==== Entries supplied ====

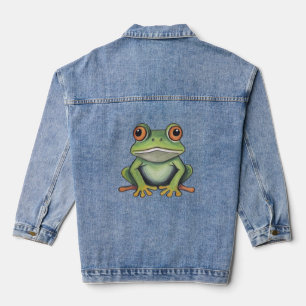 Kleurpotlood tekening kikker denim jacket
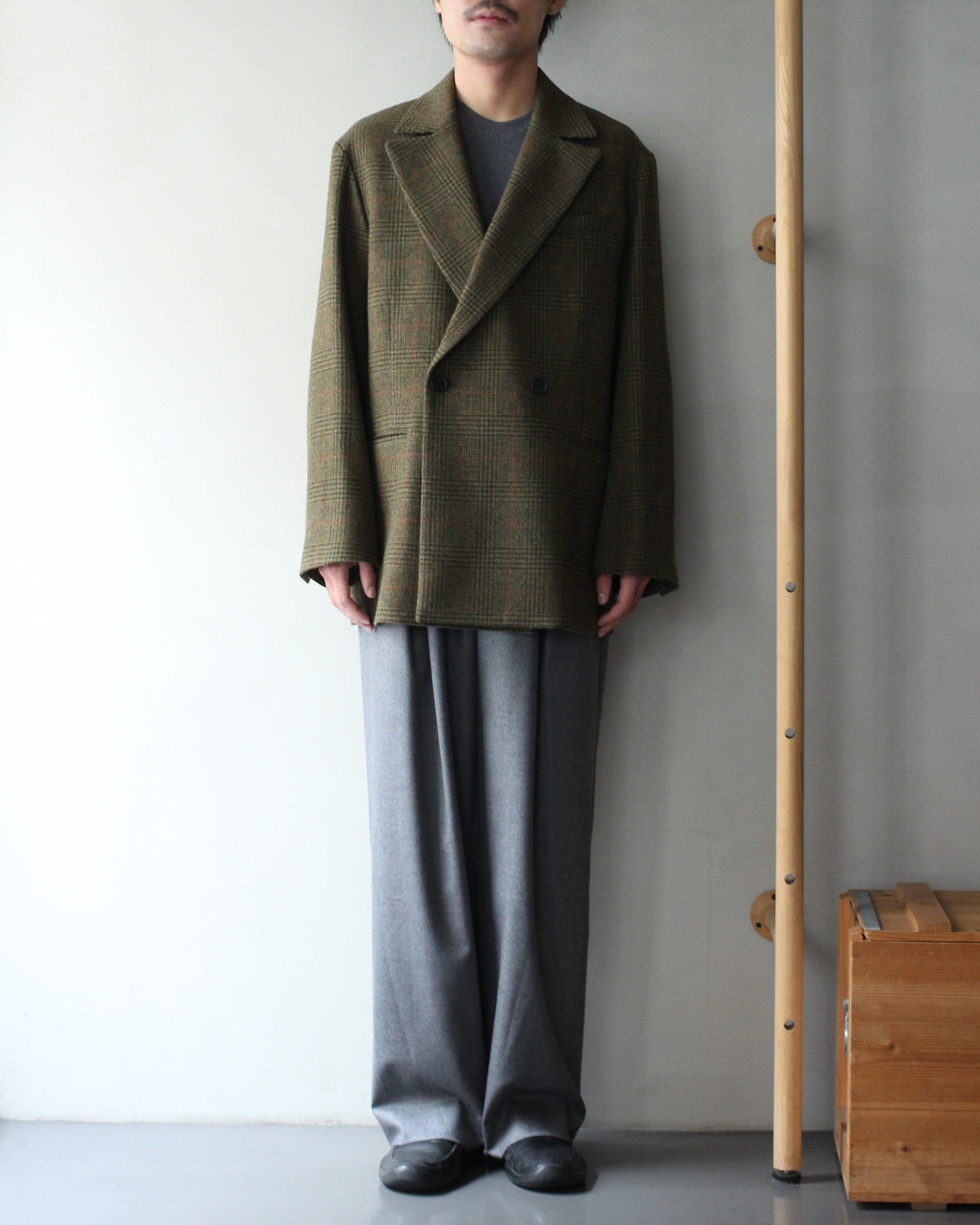 ssstein/BRITISH TWEED OVERSIZED PEAK LAPEL JACKET  "TWEED CHECK"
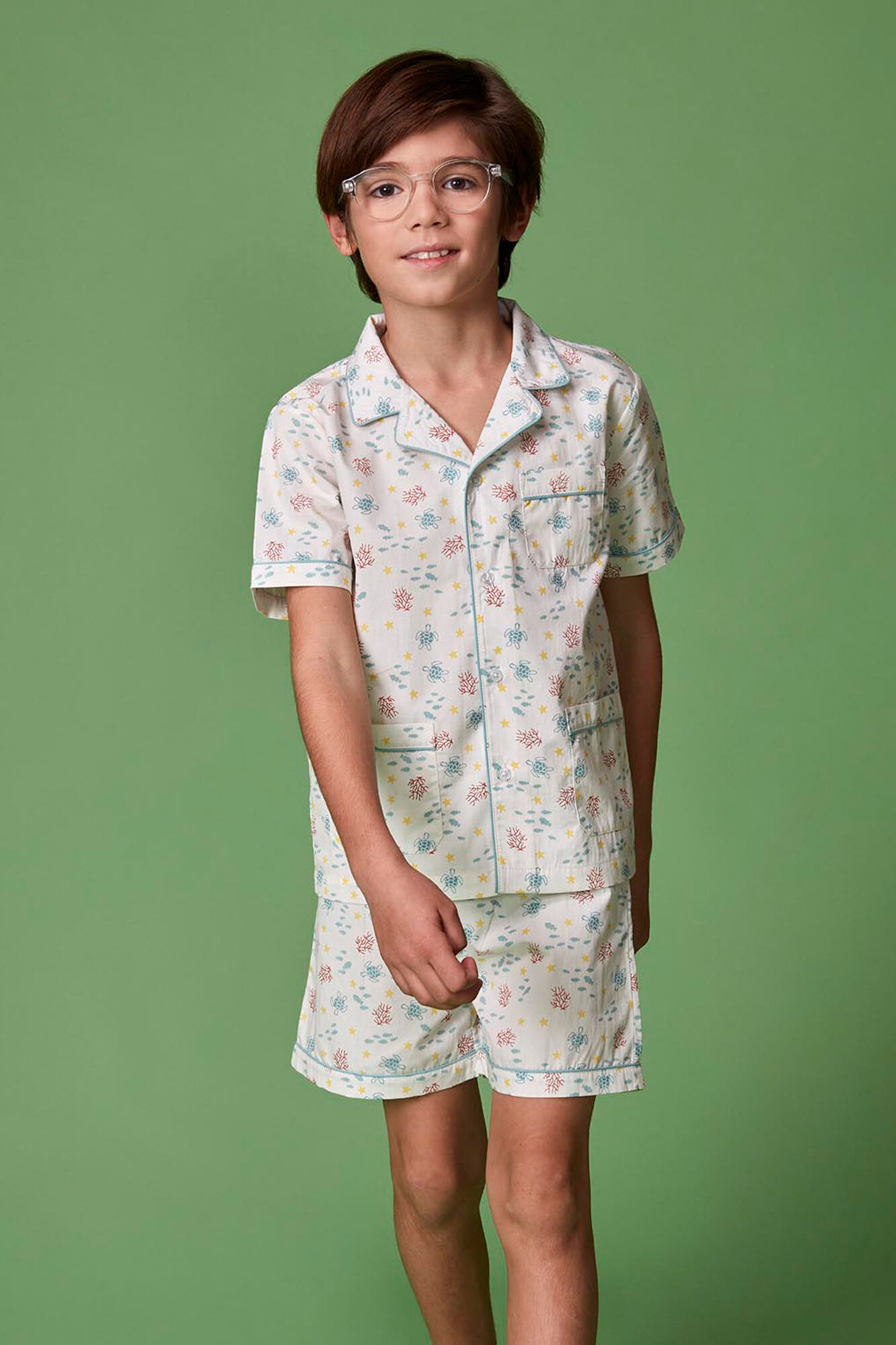 Gocco Pijama estampado fondo marino blanco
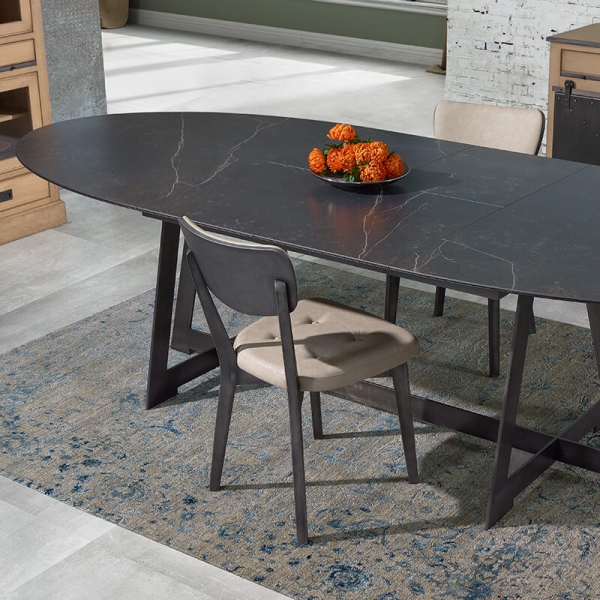 Table design ovale extensible en céramique noire - Générique - 2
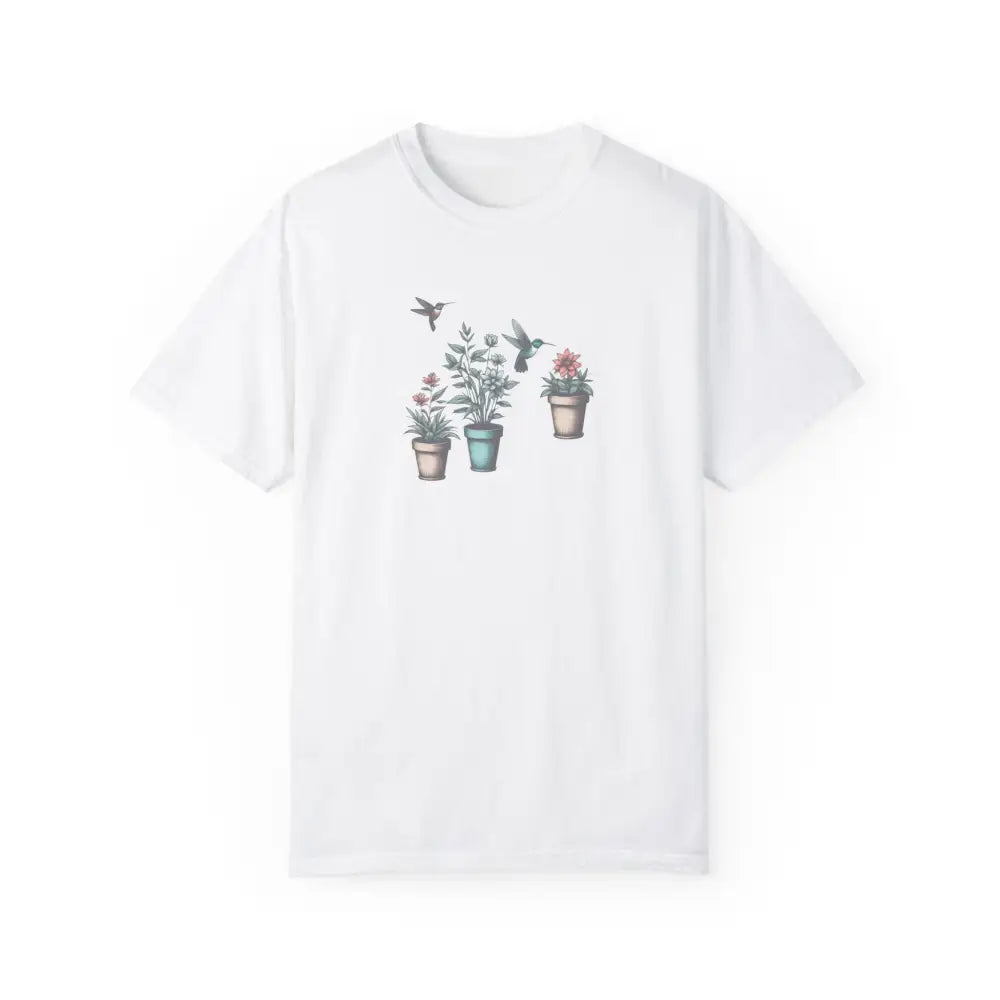 White Hummingbirds Comfort Graphic Tee with hummingbird and potted plant print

====

(What you should do):
Could you give all the records again, exactly, minus the pictures?

(Written reply):
 Kleurpotlood tekening kikker denim jacket
 ssstein/BRITISH TWEED OVERSIZED PEAK LAPEL JACKET  "TWEED CHECK"
 Gocco Pijama estampado fondo marino blanco
 Table design ovale extensible en céramique noire - Générique - 2
 White Hummingbirds Comfort Graphic Tee with hummingbird and potted plant print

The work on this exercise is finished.